Affine normalization will (by default and recommended) normalize
*all* arrays together and at once. This will guarantee that
all arrays are "on the same scale". Thus, it *not* recommended
to apply a classical between-array scale normalization afterward.
Moreover, the average log-ratio will be zero after an affine
normalization.

Note that an affine normalization will only remove curvature in the log-ratios at lower intensities. If a strong intensity-dependent bias at high intensities remains, this is most likely due to saturation effects, such as too high PMT settings or quenching.

Note that for a perfect affine normalization you *should*
expect much higher noise levels in the *log-ratios* at lower
intensities than at higher. It should also be approximately
symmetric around zero log-ratio.
In other words, *a strong fanning effect is a good sign*.

Due to different noise levels in red and green channels, different PMT settings in different channels, plus the fact that the minimum signal is zero, "odd shapes" may be seen in the log-ratio vs log-intensity graphs at lower intensities.
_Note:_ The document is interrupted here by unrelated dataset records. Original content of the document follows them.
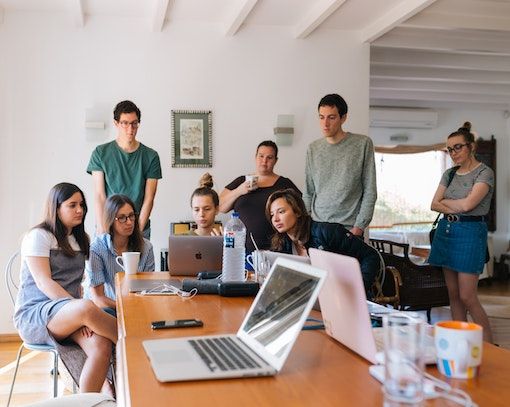 Imagine Agile Starter Axioma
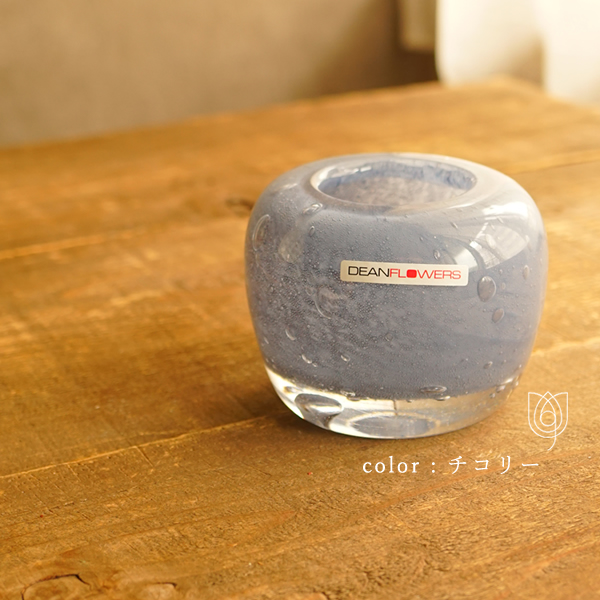 【未使用】 Henry Dean ヘンリーディーン エスペランス ドロップ 未使用】 Henry Dean ヘンリーディーン エスペランス ドロップ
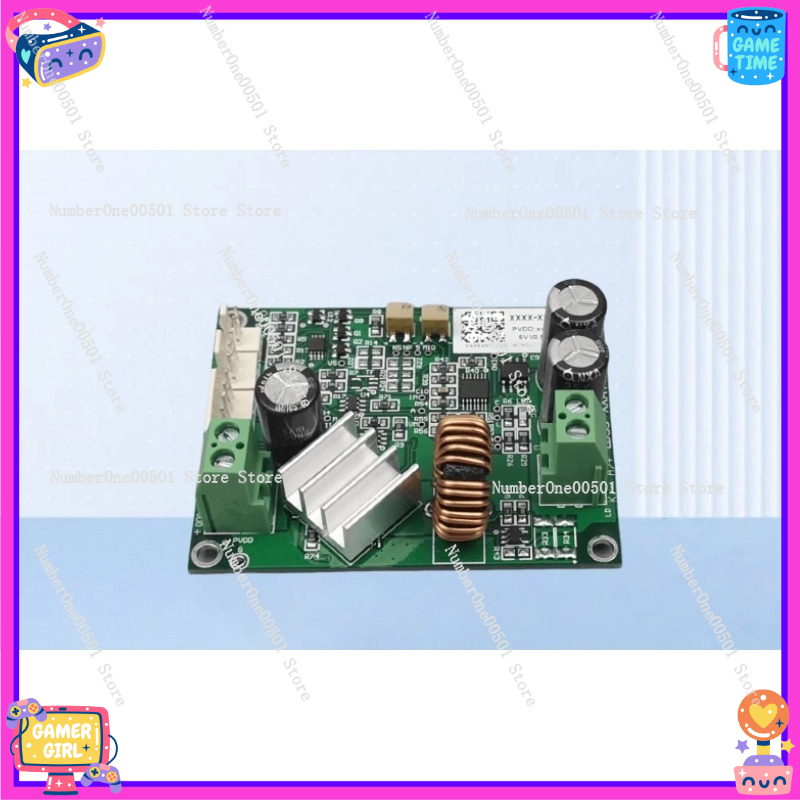 Carte d'alimentation laser LDS - Industrial Laser Supply avis et prix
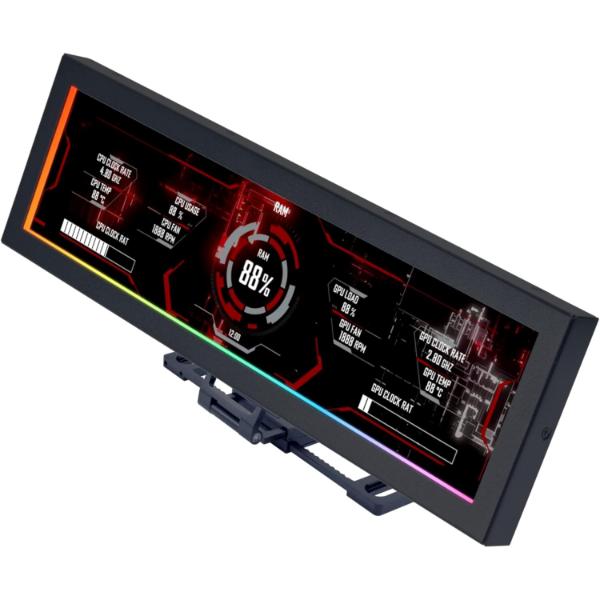 Lian-Li-8.8″-Universal-Screen-US88v1.jpg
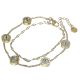 ACERO PULSERA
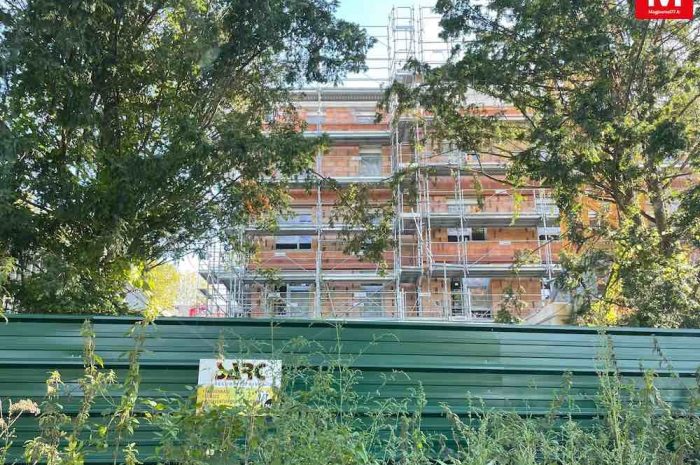 Torcy ► Zac des Coteaux de la Marne : les promoteurs veulent rassurer les opposants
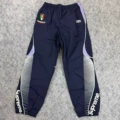 Umbro co-branded blue [pants]
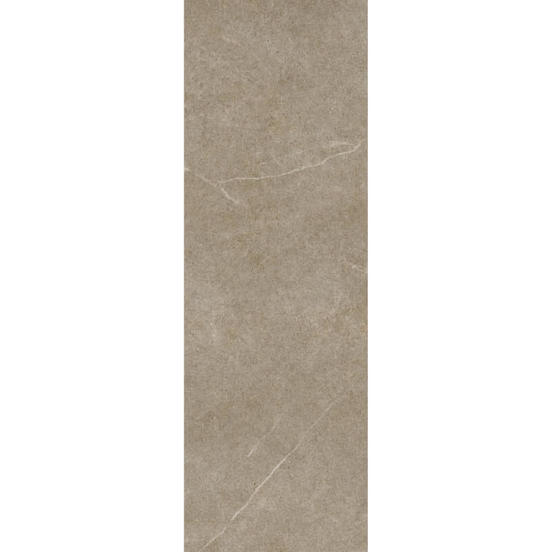 1001010657-8-fajans-sensi-25-5h75-5sm-taupe-4718-kai_552x552_pad_478b24840a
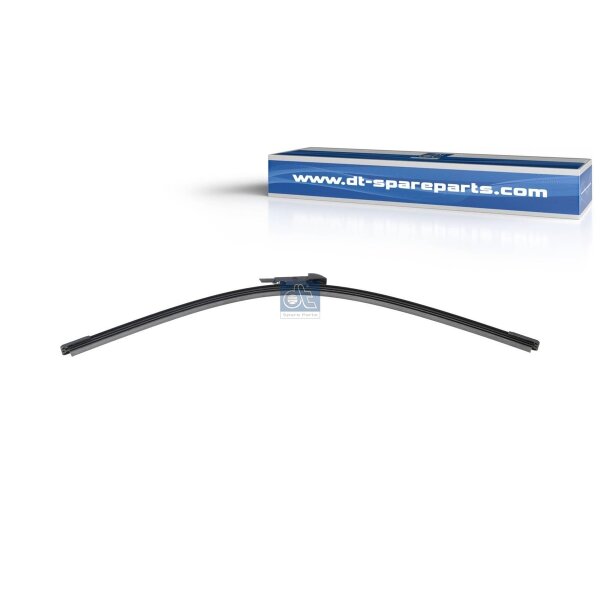 Wiper Blade 425 mm DT SPARE PARTS for MERCEDES-BENZ SPRINTER and others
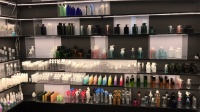 Buy Plastic Pump Lotion Bottle For Daily Care,Plastic Pet Bottle For Lotion,Skin Care Serum Bottle Product on Alibaba.com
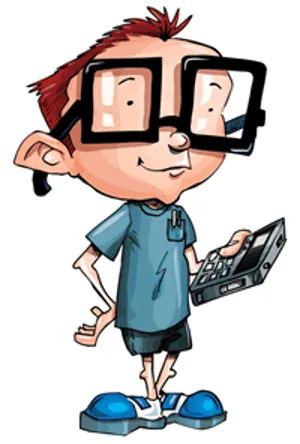 image.png image.png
Typically, these show themselves as non-symmetric in positive and negative log-ratios. Note that you should not see this at higher intensities.

If there is a strong intensity-dependent effect left after the affine normalization, we recommend, for now, that a subsequent curve-fit or quantile normalization is done. Which one, we do not know.

Why negative signals?
By default, 5% of the normalized signals will have a non-positive
signal in one or both channels. *This is on purpose*, although
the exact number 5% is chosen by experience. The reason for
introducing negative signals is that they are indeed expected.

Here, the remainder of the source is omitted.